Bookmarked Glut of fake LinkedIn profiles pits HR against the bots by Brian Krebs

Brian Krebs writes about waves of fake LinkedIn profiles, that don’t yet serve a purpose that is clear from the outside. I think that the suggestion it may be to set up a network of bot accounts to later spread misinformation or propaganda makes a certain amount of sense. I think it might not be companies or potential scam victims that are the target. I can easily imagine that the timeline is the actual target. A way to spread stuff on the timeline when needed at some point. A year ago I deleted the timeline from my LinkedIn experience by unfollowing everyone. I did that after seeing the timeline deteriorate since the summer of 2020, until the point it became completely useless. A timeline that is ‘optimised’ not for you but for ‘engagement’ and outside your own control is a timeline that can be manipulated by external actors. That makes it a target. Provided you have enough fake accounts under your control.

Miller says he’s worried someone is creating a massive social network of bots for some future attack in which the automated accounts may be used to amplify false information online, or at least muddle the truthe

Brian Krebs

Since a year or so the deterioration of the LinkedIn timeline has been very visible to me. Next to an increasing number of people sharing things as if LinkedIn is Facebook, the timeline is not under the control of the user, and presents algorithmically determined items. Sometimes that results in seeing things days or weeks after they were posted when I would have liked to see them the day they were posted, but instead got the rants of someone else. The only way one can shape the LinkedIn timeline is by removing people from it. So I did, and removed all people from it. I came to the conclusion that I’d rather have no LinkedIn timeline, and use it as it was in the past, as a digitised contact list. Of course that brings my LinkedIn experience back to the place where it was when Jyri Engestrom predicted its demise if it didn’t introduce an object of sociality in April 2005. I’ve been using LinkedIn since June 2003 (user nr. 8730), and the barebones ‘digital rolodex’ actually serves me well, to see the background of someone I meet, and to allow others to see the same about me. From now on I can skip the timeline that LinkedIn serves me as a default, and engage with people in my network, and the things they share on my own terms and initiative, seeking them out when I want. Next to keeping my own notes.
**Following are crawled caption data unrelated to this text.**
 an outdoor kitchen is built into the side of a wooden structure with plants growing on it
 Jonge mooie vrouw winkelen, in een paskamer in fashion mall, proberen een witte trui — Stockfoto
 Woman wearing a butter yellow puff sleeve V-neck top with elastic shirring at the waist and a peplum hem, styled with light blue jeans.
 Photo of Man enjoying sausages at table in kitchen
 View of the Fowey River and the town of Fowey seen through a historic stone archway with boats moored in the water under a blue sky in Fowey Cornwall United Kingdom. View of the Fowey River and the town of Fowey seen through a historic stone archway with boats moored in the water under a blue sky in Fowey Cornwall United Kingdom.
To get to an empty timeline I had to unfollow everyone I’m connected to. Which is not a simple thing to do, as LinkedIn provides no easy option to unfollow large amounts of people, and requires you to unfollow everyone one by one. Of course there are work arounds and that is what I used, with a snippet of code in my browser console.


LinkedIn can be nice and quiet, with everyone unfollowed

There’s this little thing in the LinkedIn UI that keeps tripping me up, and that I find highly irritating.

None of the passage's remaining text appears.